Reputation: 11
I am trying to train a classifier to take in a news headline as input, and output tags that fit the following headline. My data contains a bunch of news headlines as the input variables and meta-tags for those headlines as the output variables.
I One-Hot_Encoded both the headlines and their corresponding meta-tags into two separate CSV's. I then combined them into one large data frame with the X_train values being a 5573x958 numpy array for the headline words, and the y_train values being a 5573x843 numpy array.
Here is the following image of a pandas data-frame containing my data in One-Hot-Encoded form.
The goal of my classifier is for me to feed in a headline and have the most related tags to that headline as the output. The problem I have is the following.
X_train = train_set.iloc[:, :958].values
X_train.shape
(out) (5573, 958)
y_train = train_set.iloc[:, 958:].values
y_train.shape
(out) (5573, 843)
from sklearn.naive_bayes import MultinomialNB
nb_clf = MultinomialNB().fit(X_train, y_train)

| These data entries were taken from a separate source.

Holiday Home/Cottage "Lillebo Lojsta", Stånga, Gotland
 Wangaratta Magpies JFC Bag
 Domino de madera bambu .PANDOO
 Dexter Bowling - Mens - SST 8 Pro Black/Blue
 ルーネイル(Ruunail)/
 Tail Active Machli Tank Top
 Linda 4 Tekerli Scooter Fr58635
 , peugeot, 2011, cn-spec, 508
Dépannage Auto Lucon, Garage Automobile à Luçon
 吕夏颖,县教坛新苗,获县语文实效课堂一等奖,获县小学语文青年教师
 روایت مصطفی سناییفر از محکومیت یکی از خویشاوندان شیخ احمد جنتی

When I train it using a naive-bayes classifier, I get the following error message:
bad input shape (5573, 843)
From what I researched, the only way I can have a multi-label target values is by One-Hot-Encoding them as when I tried LabelEncoder() or MultiLabelBinarizer() I had to specify the name of each column to be binarized and when I have over 800 columns (words) to specify, I could not figure out how do it. So I just One-Hot-Encoded them which I believe gives the same result, just the classifier doesn't like it as input. Any suggestions on how I can fix this?
Upvotes: 0
Views: 183
Reputation: 132
You can use the Multi target classification of Sklearn. Here is an example :
from sklearn.multioutput import MultiOutputClassifier
from sklearn.naive_bayes import MultinomialNB
nb_clf = MultiOutputClassifier(MultinomialNB()).fit(X_train, y_train)
You can see the documentation from this link sklearn.multioutput.MultiOutputClassifier
Upvotes: 1